# Records for this exercise
====================

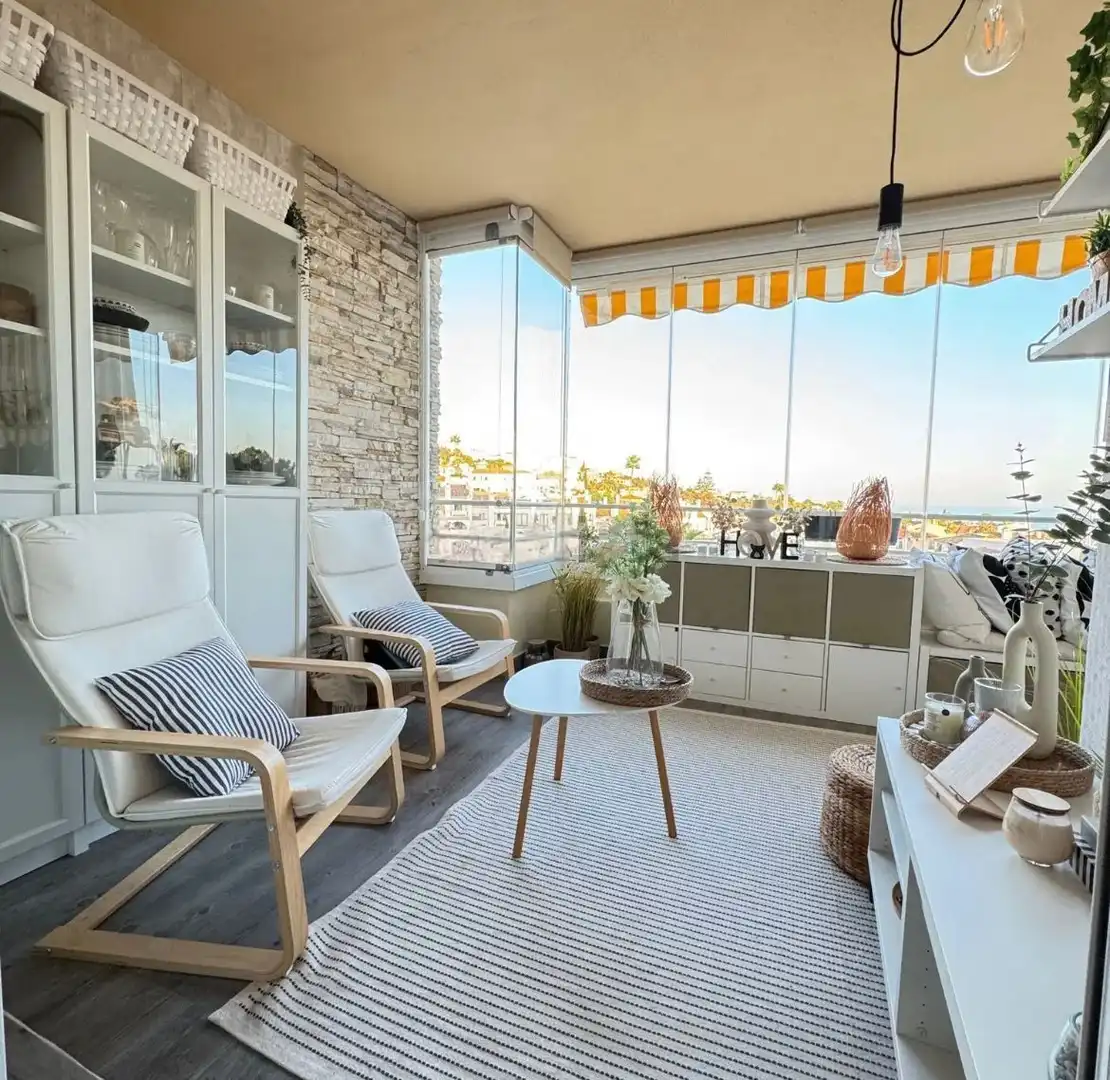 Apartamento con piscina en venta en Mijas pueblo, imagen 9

====================

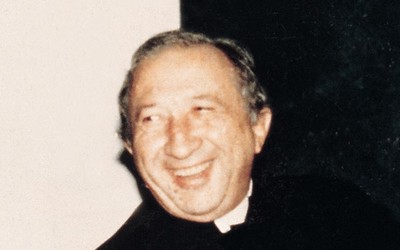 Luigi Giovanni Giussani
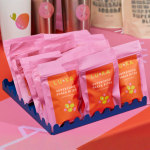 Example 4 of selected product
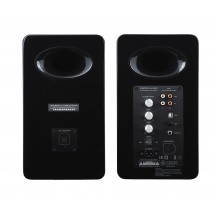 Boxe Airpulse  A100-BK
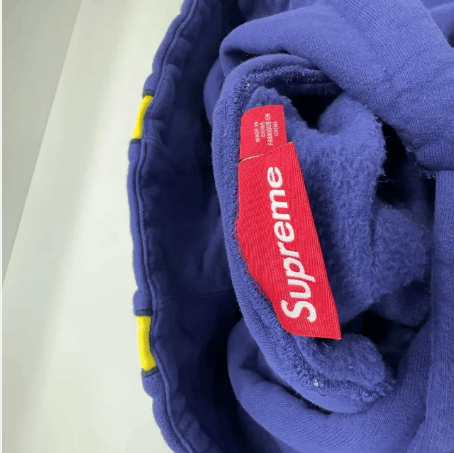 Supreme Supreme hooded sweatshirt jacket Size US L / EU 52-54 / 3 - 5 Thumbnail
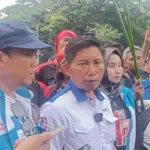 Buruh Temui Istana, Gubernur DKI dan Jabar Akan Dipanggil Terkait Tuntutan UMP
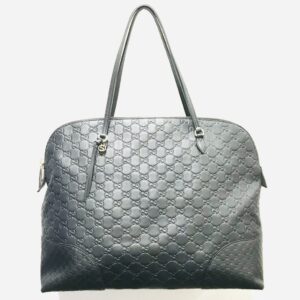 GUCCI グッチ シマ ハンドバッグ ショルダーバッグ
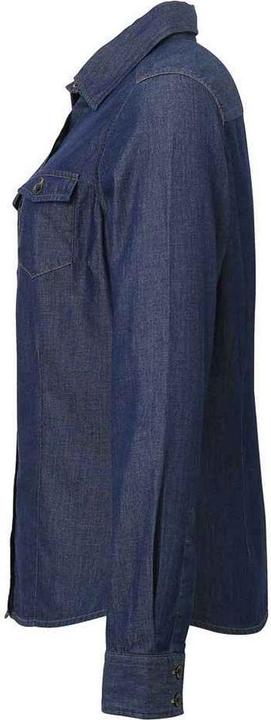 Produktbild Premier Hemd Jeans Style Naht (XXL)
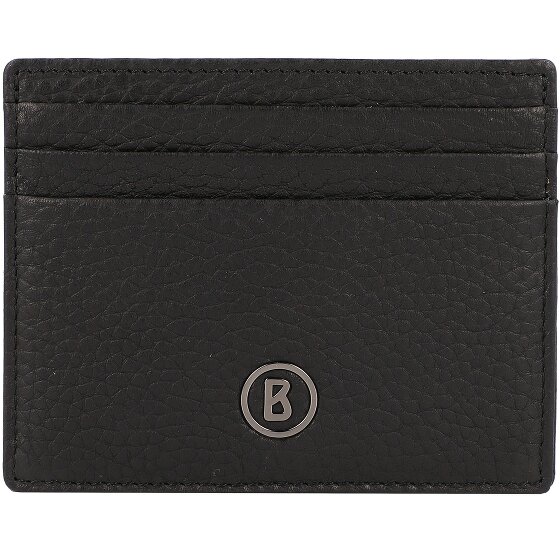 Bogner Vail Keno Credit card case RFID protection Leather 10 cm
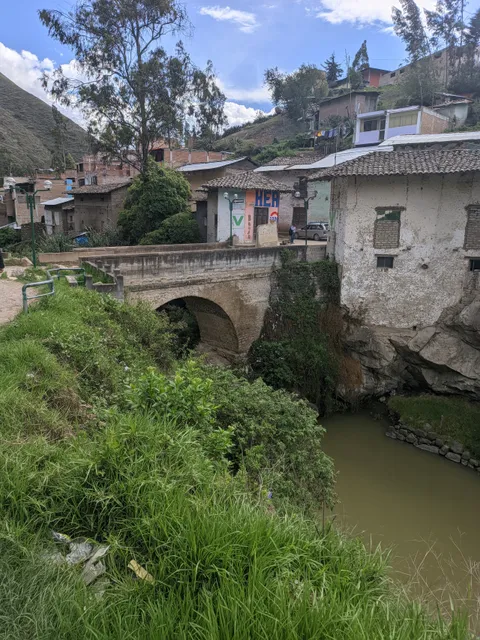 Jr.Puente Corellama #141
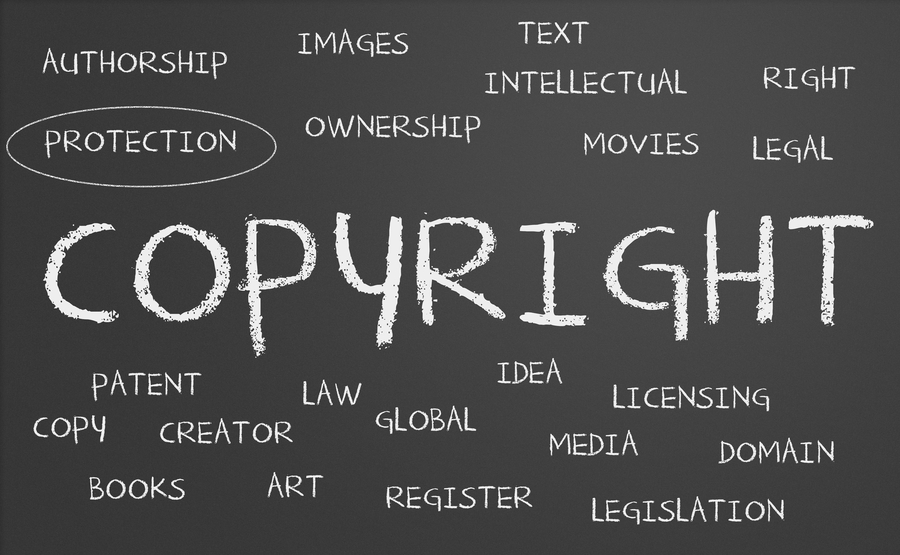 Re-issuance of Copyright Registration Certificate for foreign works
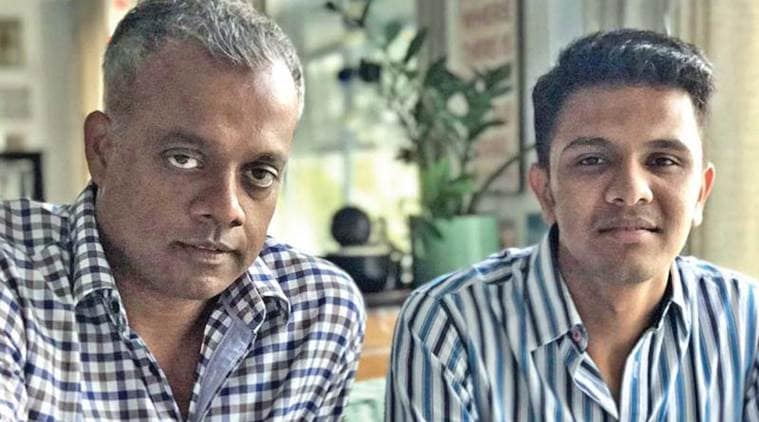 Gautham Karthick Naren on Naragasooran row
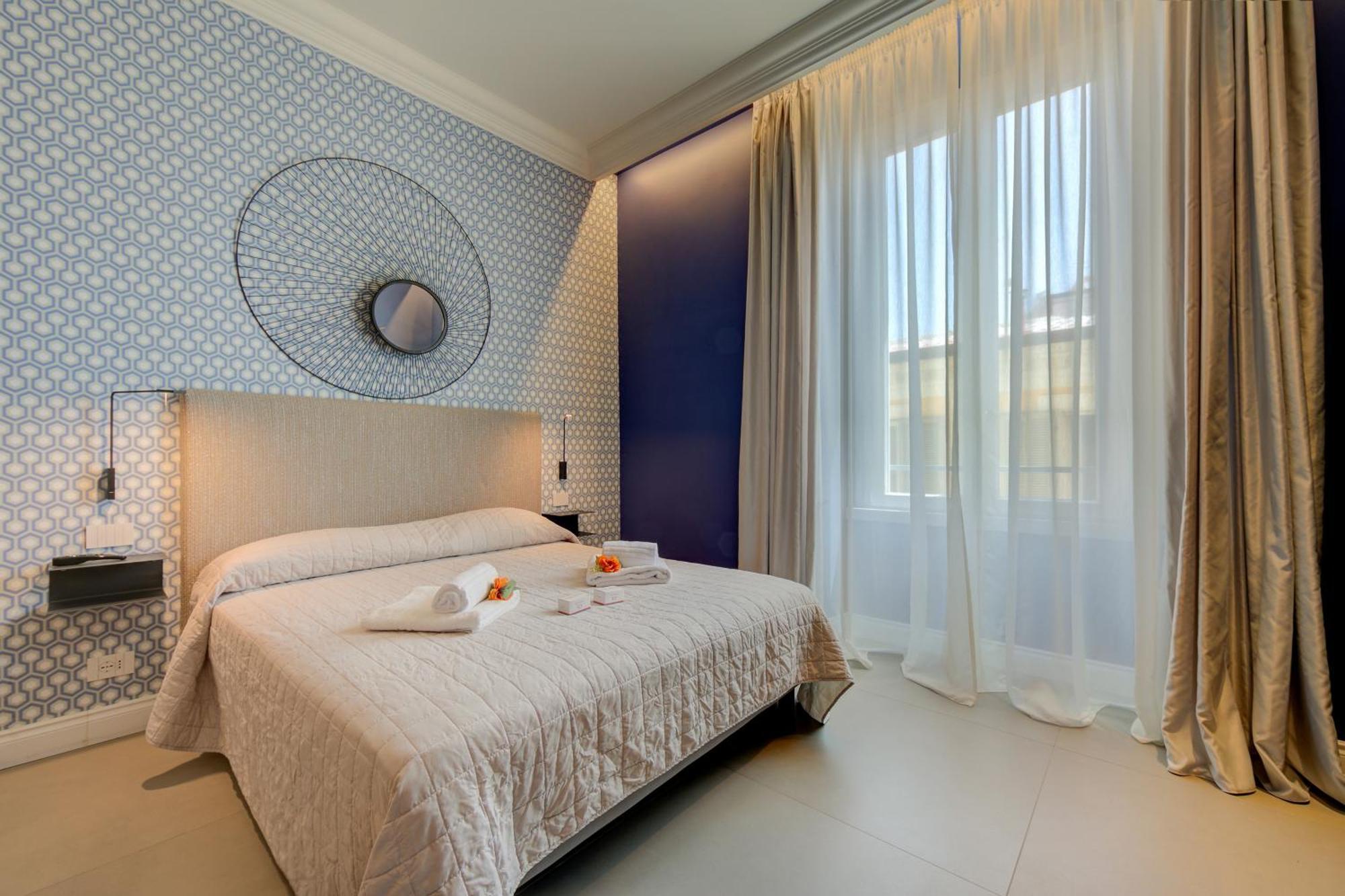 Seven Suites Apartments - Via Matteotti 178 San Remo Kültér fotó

====================

# Task to carry out
Take only the lines above from the one that has "Gautham Karthick Naren on Naragasooran row" through the one that has "Seven Suites Apartments" and reproduce them exactly, omitting any pictures.

# Problem solution
 Gautham Karthick Naren on Naragasooran row
 Seven Suites Apartments - Via Matteotti 178 San Remo Kültér fotó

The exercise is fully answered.